The comments submitted to FDA on this draft guidance represent the collective feedback of the pathologists, scientists, technologists, subject matter experts and industry representatives comprising the DPA Regulatory and Standards Task Force. Through the structure offered by the DPA, this Task Force is able to bring all of these important perspectives together to speak with one voice about the unique challenges digital pathology presents to the traditional regulatory framework for devices.
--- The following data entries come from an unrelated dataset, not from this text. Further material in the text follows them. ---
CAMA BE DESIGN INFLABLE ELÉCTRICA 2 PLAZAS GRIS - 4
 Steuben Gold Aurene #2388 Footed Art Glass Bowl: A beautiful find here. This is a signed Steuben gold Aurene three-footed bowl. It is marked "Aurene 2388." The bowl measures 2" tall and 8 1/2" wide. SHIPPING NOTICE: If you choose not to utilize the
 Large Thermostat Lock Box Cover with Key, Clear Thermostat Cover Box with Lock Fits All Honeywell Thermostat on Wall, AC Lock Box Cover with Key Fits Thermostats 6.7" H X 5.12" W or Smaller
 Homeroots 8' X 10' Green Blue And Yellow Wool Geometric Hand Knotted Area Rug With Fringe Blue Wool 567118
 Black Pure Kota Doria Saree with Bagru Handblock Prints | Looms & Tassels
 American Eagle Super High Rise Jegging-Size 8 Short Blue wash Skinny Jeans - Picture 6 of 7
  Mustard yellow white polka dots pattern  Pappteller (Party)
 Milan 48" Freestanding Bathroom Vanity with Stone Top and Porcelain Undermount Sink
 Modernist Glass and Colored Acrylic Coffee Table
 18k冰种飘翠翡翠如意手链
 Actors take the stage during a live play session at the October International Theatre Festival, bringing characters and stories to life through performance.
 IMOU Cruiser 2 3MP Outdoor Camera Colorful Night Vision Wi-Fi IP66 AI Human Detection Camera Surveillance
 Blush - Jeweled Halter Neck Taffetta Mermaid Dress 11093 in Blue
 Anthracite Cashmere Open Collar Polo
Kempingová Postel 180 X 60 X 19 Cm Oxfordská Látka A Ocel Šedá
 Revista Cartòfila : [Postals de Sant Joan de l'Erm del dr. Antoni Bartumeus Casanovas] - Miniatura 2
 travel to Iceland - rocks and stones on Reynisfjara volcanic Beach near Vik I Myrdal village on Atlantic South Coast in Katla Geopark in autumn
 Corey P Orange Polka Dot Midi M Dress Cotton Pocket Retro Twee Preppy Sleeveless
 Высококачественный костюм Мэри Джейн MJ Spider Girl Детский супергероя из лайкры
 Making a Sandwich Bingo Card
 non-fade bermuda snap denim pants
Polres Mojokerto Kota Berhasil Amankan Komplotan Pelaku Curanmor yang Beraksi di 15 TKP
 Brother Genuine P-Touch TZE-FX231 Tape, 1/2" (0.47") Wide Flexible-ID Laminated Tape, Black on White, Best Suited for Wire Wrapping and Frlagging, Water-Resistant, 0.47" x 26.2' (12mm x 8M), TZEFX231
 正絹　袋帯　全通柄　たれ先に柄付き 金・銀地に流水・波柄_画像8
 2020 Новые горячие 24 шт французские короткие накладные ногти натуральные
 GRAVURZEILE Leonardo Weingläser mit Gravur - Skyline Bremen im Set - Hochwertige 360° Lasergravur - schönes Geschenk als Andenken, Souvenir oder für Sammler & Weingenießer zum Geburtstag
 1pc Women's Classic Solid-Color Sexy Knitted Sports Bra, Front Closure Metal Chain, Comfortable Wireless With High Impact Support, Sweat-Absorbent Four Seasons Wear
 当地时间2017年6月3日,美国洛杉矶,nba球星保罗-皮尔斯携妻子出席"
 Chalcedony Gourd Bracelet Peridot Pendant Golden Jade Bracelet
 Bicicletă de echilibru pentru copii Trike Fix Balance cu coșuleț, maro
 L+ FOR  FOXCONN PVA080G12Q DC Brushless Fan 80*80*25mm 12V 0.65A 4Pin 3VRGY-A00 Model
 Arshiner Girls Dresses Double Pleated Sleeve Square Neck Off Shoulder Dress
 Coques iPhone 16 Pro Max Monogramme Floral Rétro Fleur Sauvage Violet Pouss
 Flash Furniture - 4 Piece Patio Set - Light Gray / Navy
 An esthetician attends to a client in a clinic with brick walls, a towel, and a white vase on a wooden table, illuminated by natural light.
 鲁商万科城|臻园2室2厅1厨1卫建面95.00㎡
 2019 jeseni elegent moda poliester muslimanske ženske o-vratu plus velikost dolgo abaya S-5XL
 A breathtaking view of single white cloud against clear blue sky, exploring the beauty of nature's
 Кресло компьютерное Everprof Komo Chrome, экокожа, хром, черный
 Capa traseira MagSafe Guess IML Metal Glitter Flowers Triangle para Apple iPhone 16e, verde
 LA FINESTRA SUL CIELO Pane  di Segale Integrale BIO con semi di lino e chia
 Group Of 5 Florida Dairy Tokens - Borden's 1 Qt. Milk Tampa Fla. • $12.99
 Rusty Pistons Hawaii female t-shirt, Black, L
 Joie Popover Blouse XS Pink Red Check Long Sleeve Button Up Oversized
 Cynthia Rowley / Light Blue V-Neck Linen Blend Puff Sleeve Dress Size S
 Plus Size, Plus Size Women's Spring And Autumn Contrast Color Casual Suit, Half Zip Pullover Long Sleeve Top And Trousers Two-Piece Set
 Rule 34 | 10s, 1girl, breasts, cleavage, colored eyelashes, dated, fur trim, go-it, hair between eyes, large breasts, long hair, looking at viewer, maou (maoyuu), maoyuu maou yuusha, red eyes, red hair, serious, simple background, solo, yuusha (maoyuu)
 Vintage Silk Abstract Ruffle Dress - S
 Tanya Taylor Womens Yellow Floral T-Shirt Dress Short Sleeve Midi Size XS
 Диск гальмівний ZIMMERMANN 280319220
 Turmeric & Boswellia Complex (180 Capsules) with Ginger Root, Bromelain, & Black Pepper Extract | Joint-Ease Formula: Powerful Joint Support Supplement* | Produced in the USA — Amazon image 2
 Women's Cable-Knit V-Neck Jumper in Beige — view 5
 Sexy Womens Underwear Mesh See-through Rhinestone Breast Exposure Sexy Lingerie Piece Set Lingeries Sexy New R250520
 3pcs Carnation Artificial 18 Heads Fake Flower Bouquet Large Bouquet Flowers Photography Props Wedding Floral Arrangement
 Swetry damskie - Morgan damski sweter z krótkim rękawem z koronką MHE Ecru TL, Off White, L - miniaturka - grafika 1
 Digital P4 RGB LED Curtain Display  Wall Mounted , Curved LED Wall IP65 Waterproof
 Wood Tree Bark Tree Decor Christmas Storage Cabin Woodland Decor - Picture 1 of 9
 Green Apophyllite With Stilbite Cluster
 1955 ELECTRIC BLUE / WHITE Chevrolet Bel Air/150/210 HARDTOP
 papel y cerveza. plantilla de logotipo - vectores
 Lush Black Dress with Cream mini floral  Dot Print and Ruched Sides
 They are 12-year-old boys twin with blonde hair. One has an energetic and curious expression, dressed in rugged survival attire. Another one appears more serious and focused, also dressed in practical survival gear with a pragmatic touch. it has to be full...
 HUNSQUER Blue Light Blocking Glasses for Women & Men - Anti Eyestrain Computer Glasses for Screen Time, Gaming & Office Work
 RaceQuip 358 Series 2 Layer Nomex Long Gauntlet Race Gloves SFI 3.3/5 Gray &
We hope that comments from DPA will help to drive FDA to improve upon the foundation of this draft guidance and provide additional, clear direction to industry regarding appropriate use of the Special 510(k) program. The Regulatory and Standards Task Force looks forward to continuing to work together with FDA to help define a practical and predictable regulatory pathway that will contribute to more widespread adoption of digital pathology technologies.